PROBLEM
Reproduce, without alteration, every line of the data; exclude the images.

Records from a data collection
--- --- ---
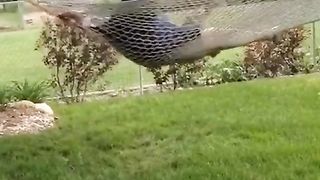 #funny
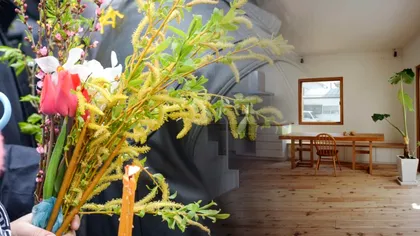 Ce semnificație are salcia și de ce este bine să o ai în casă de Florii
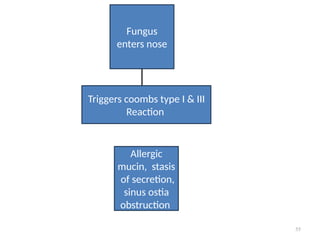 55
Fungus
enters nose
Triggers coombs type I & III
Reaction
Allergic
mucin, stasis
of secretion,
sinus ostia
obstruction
--- --- ---
WRITTEN ANSWER
 #funny
 Ce semnificație are salcia și de ce este bine să o ai în casă de Florii
 55
Fungus
enters nose
Triggers coombs type I & III
Reaction
Allergic
mucin, stasis
of secretion,
sinus ostia
obstruction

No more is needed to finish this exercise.